Lymphoedema is a debilitating condition which has only been managed by massage and compression garments giving little hope to its suffers. That is until Macquarie University Hospital began using liposuction to treat advanced lymphoedema with promising results.
Cancer survivor Sharne Willoughby knows this all too well. After beating cervical cancer, the primary school teacher and mum of six, developed secondary lymphoedema.
What is lymphoedema?
Lymphoedema is a condition which commonly occurs following lymph node removal or damage caused during the treatment of cancer, such as radiotherapy. The defect in the lymphatic system results in uncontrolled swelling of areas of the body, in particular the arms and legs.

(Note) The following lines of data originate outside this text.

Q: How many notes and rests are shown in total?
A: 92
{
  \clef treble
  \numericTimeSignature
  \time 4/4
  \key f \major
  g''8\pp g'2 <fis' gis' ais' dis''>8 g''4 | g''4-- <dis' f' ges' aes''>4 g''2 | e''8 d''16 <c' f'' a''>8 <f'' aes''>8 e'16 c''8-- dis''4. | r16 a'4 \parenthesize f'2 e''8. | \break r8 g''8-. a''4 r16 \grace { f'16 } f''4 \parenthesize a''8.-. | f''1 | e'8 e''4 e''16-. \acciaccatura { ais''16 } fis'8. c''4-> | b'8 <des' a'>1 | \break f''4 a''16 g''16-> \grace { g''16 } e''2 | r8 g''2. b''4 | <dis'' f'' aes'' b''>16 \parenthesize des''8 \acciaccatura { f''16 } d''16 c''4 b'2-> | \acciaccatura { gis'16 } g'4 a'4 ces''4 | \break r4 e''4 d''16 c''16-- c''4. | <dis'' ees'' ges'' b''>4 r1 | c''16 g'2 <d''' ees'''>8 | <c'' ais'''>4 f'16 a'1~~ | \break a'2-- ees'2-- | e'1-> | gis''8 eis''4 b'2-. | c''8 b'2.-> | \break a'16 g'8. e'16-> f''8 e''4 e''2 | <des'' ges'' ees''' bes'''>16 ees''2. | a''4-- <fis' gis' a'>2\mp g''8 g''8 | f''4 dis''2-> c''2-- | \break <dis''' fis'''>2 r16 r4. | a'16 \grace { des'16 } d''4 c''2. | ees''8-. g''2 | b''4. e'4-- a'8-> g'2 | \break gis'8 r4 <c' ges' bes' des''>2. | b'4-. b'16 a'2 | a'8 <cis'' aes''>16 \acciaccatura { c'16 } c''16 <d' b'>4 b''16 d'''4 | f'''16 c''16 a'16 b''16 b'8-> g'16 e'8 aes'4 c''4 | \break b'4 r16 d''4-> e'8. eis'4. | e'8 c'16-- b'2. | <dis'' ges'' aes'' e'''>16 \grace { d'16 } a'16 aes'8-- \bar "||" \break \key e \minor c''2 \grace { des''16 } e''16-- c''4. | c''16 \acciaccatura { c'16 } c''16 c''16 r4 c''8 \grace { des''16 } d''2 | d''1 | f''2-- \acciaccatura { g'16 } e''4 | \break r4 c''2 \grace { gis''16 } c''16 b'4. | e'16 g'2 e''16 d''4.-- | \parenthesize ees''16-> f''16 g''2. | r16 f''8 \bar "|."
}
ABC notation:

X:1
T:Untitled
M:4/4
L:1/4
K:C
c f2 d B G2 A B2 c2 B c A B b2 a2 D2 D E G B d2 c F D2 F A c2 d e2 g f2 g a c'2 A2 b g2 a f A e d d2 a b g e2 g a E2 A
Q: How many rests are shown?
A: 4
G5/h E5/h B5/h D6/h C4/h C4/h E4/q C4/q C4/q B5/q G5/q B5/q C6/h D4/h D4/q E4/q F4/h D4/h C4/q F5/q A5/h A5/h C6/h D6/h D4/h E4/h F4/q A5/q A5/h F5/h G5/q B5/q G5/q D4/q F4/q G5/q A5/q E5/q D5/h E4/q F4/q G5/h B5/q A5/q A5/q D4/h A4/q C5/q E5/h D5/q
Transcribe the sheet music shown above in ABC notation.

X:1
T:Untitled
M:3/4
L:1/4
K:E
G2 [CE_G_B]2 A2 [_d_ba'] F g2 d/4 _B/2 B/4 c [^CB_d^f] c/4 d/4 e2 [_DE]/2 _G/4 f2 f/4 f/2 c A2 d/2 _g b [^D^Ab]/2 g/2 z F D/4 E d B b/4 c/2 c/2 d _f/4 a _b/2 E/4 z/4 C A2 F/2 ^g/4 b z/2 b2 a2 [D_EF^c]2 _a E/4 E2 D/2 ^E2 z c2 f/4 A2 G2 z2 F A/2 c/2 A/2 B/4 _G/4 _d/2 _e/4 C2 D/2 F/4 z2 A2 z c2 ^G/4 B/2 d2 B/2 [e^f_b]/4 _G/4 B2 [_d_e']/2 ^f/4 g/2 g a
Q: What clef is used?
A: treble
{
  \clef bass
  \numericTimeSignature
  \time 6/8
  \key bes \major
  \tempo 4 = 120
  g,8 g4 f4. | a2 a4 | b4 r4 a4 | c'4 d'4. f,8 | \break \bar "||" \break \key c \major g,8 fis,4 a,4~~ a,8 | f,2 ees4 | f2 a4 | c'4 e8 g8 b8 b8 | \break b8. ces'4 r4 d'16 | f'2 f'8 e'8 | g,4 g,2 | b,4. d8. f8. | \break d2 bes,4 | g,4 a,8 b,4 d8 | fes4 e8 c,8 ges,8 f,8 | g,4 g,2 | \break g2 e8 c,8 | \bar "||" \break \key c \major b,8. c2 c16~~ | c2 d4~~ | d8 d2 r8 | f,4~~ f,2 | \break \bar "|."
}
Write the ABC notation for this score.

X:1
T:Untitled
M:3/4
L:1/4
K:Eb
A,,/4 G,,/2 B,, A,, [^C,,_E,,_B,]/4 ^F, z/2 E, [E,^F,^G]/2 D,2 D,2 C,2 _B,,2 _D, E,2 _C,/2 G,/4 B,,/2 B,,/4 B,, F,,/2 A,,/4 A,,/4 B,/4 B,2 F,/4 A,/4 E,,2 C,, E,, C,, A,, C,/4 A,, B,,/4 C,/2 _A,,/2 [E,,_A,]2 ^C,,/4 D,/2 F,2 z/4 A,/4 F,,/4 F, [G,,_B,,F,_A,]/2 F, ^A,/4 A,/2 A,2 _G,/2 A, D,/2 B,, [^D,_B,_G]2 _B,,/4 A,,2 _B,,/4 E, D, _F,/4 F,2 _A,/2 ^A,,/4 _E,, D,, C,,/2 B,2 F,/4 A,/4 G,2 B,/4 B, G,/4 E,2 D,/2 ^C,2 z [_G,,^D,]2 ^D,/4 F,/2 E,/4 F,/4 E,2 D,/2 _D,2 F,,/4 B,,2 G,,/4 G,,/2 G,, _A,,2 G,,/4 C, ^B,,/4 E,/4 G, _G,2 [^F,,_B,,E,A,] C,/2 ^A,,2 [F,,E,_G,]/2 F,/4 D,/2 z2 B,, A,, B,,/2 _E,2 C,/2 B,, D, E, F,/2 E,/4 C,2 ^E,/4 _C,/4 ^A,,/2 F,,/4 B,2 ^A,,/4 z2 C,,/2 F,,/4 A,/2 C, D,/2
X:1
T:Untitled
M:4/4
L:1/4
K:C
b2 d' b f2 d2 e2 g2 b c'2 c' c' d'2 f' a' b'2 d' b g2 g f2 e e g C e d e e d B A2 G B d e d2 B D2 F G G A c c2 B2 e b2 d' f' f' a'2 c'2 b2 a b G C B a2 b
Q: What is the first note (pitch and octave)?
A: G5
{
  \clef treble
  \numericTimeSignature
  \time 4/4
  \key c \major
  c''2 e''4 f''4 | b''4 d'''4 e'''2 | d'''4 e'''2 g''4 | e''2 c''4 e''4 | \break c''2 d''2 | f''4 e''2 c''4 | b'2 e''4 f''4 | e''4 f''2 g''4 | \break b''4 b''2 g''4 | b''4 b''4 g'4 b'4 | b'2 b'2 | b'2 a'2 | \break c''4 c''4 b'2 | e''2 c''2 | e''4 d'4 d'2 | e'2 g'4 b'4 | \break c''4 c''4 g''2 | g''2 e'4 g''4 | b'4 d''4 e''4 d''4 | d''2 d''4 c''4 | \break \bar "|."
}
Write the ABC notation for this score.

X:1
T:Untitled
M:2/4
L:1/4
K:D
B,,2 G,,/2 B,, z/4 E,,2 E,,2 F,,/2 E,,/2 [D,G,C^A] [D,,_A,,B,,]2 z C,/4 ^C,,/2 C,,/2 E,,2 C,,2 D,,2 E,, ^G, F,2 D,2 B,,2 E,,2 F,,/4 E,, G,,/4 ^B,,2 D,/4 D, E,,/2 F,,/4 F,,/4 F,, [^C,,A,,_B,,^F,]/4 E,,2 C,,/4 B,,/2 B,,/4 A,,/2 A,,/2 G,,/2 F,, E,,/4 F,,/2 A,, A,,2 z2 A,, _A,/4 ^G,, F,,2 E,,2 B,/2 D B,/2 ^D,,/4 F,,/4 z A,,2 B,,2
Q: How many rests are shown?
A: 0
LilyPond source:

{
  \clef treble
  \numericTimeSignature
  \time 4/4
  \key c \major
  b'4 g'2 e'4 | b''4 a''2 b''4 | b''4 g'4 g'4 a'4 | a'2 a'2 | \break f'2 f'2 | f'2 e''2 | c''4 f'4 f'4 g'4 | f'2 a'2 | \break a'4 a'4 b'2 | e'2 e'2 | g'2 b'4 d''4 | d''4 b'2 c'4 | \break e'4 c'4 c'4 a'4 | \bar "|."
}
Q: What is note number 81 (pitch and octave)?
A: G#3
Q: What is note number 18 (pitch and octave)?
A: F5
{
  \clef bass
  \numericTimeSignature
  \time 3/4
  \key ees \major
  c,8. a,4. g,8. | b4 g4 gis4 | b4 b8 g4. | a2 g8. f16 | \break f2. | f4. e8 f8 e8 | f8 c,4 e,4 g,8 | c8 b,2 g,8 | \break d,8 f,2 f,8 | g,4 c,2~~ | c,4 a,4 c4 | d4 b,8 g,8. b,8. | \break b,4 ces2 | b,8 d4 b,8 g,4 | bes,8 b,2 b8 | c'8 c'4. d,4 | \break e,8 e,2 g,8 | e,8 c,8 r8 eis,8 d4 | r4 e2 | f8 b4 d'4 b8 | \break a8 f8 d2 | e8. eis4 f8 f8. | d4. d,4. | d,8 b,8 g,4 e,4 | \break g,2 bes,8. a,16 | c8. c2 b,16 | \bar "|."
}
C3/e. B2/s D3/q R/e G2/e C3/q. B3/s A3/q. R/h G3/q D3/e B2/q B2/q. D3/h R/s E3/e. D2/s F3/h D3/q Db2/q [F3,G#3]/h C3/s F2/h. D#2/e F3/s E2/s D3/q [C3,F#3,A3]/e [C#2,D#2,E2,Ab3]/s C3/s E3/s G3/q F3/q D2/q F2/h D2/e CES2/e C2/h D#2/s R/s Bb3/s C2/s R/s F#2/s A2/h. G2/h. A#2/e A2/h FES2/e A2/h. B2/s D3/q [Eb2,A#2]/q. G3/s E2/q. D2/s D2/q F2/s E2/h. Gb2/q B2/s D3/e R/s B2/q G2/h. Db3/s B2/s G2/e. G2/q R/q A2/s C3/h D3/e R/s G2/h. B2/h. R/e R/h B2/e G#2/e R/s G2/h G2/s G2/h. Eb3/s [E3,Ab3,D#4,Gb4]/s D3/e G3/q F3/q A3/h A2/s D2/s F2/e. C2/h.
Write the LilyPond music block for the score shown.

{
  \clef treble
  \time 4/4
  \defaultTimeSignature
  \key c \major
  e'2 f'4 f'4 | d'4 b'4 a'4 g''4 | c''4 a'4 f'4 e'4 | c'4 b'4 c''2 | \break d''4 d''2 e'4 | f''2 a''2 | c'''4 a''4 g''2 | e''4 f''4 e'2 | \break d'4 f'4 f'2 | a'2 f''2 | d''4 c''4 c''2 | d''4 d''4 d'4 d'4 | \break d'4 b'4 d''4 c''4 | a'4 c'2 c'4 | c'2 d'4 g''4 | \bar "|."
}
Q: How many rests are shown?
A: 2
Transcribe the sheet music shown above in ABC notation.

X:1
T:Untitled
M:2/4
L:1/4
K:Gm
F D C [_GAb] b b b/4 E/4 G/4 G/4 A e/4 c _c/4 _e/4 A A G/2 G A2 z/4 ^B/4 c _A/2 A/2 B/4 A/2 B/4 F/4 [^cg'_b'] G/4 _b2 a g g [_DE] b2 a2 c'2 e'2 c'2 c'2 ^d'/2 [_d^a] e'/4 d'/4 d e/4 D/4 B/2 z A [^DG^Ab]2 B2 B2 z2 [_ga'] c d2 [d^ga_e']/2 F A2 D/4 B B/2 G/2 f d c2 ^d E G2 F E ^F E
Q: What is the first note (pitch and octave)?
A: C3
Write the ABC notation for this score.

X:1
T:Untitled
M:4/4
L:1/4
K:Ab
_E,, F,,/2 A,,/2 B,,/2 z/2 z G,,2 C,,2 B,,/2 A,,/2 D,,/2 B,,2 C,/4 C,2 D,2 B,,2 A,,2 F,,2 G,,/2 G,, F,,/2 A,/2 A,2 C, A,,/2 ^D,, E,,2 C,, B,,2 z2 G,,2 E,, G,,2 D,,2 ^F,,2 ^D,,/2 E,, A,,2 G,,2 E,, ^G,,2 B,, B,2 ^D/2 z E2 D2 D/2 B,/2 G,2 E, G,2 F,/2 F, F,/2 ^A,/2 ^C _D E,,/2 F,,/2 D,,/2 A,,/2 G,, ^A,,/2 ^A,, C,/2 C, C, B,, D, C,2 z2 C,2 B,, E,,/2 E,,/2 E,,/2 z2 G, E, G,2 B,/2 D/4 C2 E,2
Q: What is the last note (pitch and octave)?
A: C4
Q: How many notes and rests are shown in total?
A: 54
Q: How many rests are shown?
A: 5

In a healthy person, fluid and proteins in the blood leak into the body tissues. This fluid acts to bathe cells, supply nutritional needs and receive back bi-products of their metabolism. The drainage of this tissue fluid occurs through the lymphatic system. When the lymphatic system is not functioning correctly, lymphoedema can occur.
Aside from swelling, symptoms of the condition can include heaviness of the affected areas, hot and tight feelings, painful joints, and aching sensations.
Over 300,000 Australians are affected by lymphoedema at any given time, and 20 percent of breast cancer survivors develop the condition. Both men and women who have had surgery and radiotherapy to treat cancers of the prostate, bowel or reproductive system, as in Ms Willoughby’s case, are also at risk of developing lymphoedema.
It’s debilitating on both a physical and emotional level
The current management of lymphoedema is through wearing compression garments, massage therapy, and exercise. Unable to receive regular treatment, Ms Willoughby’s condition continued to worsen over 10 years with her left leg weighing an incredible 12.5 kilograms more than her right.
As a result, she was unable to work full time, moving was difficult, and dressing normally was out of the question. Ms Willoughby tells The Sydney Morning Herald she wonders if she would be better off if her leg was amputated.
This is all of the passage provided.